# Parsun Electric Outboard (7HP)



## arcadedawg (Mar 21, 2014)

Hey guys, I will be using a 7HP Parsun Electric Outboard this Saturday at Black Shoals with High Voltage..  I will be using it in all of The Dixie tournaments because they are an electric only club.  I also plan to use it in some High Voltage and SJA events as well.  I recently come to terms with Elco Electric Outboards to use this motor.  Hopefully, I will have more information on this motor as well as other motors and products they carry very soon.  Please feel free to contact me with any questions you have and I will try to answer them for you.  They seem to be a very good company with a lot more products coming very soon.  I just got the motor on my boat today,  so tomorrow will be the first time I have had it in the water. It will probably take me a trip or two to get it dialed in. 

Thanks, Scott Edwards
678-316-4974


----------



## DAWGFISH66 (Mar 23, 2014)

Well I'm sure they are all excited to hear that...


----------



## bloodhound1 (Mar 24, 2014)

How did it go?


----------



## Mr. P (Mar 27, 2014)

Scott, what kind of batteries are you using? The specs say 130A draw which is asking a lot of a lead acid battery. Are you using one of the exotics? Li-Ion, Li-Mag?
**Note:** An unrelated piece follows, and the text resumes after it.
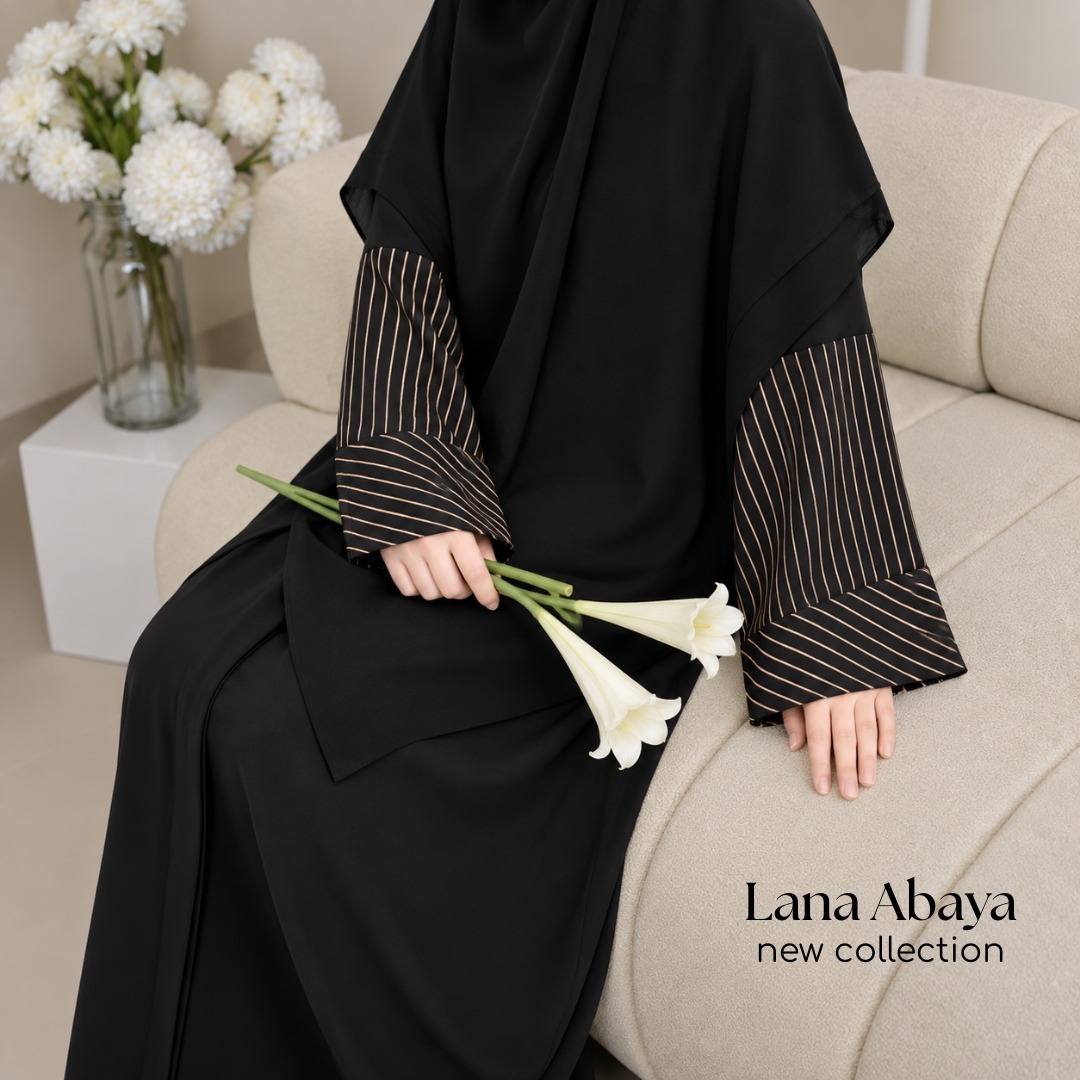 Abaya Hitam Mewah Elegan Jetblack Premium - Lana Abaya by KUPNAD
Didn't get to talk to you about it Sat at Black Shoals.


----------



## arcadedawg (Mar 28, 2014)

*Parsun*

This weekend I will be using 4 120 amp draw batteries. We will see how they do. Elco is in the process of developing a 48 volt lithium battery pack that weighs only 70 pounds. Still probably a couple of months away but I am looking forward to trying it. I will let you know how it goes this weekend.


----------



## wwright713 (Apr 1, 2014)

So how did it go and what mph did you get


----------



## arcadedawg (Apr 2, 2014)

*Parsun*

It went very well.  I did not GPS the mph, but I will next time.  We did not even put the front trolling motor in the water, and was still the fastest boat by a good margin.  This motor is super quiet and runs well.  I'm really looking forward to getting the mph on the next trip.  By then, I will have my transom the right height to accomodate it.  I still have about 5 inches of extra drag length right now.  As far as batteries go, we ran it hard all day and by the end of the day, they were drained pretty good.


----------



## bsanders (Apr 2, 2014)

We were behind them and we get 6.1 out of our boat with a single Briggs, no front trolling motor, and they pulled away from us a good bit. They stopped before we did but managed to gain a considerable lead on us from blast off til where they pulled off. It's fast,I'm ready to see it set up right on his boat and see what the true potential of that motor is.


----------